The nature of H bridge is that you have rapid changes in current and the choice of capacitor is also driven by line length, both to the motor and back to the battery. The inductance of the line means that these currents will result in large voltage excursions unless there is a current path available through these capacitors. Keeping the lines short can reduce the required capacitance to achieve a level of ripple. If you are switching high currents, you need low ESR. If you are switching at relatively low frequencies you will need high capacitance. If you are switching at low frequencies AND high currents, as is often the case with a motor, you will need both low ESR and high capacitance.

If you were to use the film capacitor as you suggested, you would certainly have low losses in the capacitor, for two reasons: the lower ESR means low resistive losses, and the lower capacitance value will mean that there will be less current in the capacitor in the first place. However, the lower current means that there will be more current ripple in the lines and the voltage ripple will be higher.

Electrolytics, with their higher ESR, will heat up and may burst if they are overstressed. Choose a capacitor with a low ESR and run them for a short while and see if they are warm to the touch.
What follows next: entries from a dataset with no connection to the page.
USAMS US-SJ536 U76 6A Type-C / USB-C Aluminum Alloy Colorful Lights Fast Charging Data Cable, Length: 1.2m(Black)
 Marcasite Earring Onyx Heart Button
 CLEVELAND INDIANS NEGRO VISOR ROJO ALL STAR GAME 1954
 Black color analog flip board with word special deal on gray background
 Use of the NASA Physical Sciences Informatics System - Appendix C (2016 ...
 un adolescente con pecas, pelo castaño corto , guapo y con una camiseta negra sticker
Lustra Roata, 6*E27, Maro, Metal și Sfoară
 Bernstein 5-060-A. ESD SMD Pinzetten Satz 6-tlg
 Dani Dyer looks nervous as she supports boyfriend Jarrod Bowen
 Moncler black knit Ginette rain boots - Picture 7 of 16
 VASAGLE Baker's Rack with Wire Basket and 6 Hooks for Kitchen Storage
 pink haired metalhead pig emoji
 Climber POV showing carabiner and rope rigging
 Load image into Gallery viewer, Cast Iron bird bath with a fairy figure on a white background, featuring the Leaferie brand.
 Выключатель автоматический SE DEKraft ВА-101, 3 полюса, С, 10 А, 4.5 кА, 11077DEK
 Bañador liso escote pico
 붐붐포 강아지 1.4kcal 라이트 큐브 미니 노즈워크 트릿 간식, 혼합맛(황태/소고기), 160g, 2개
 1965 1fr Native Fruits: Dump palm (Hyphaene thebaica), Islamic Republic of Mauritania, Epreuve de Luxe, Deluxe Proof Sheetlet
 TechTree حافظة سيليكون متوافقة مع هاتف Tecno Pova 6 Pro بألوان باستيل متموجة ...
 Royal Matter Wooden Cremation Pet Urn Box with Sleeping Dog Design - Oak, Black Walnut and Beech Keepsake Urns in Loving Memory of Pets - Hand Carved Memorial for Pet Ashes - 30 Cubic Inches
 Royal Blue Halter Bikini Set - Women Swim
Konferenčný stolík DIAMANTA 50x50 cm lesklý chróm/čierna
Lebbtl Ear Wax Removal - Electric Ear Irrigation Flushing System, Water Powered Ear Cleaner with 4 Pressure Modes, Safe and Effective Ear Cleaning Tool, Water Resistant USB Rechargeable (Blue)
Safety glasses are recommended.

Answer 7

1a. Pick your capacitance (minimum) such that the max voltage (due inductive load at stop) is less than the capacitor's and FET's rating.
1b. Pick you capacitance (minimum) such that the ripple voltage is acceptable.

2. Then pick the lowest ESR cap you can afford.

Of course there is tradeoff. As you change technology, you trade capacitance for ESR (and price). In order of capacitance/dollar your tech options are: Alum Electrolytic Alum Poly Film Ceramic

If you really need low ESR (e.g., lots of ripple current and heat), and are space constrained (can't use lots of big Alum) you'll have to start sliding down that scale.

A further note on Alum Electrolytic: Capacitance and ESR are related: As you increase plate area (capacitance), you decrease resistance.

Lastly, there can be a trade-off in going with two high a capacitance, which is the creation of non-zero current switching when you turn ON your FETs.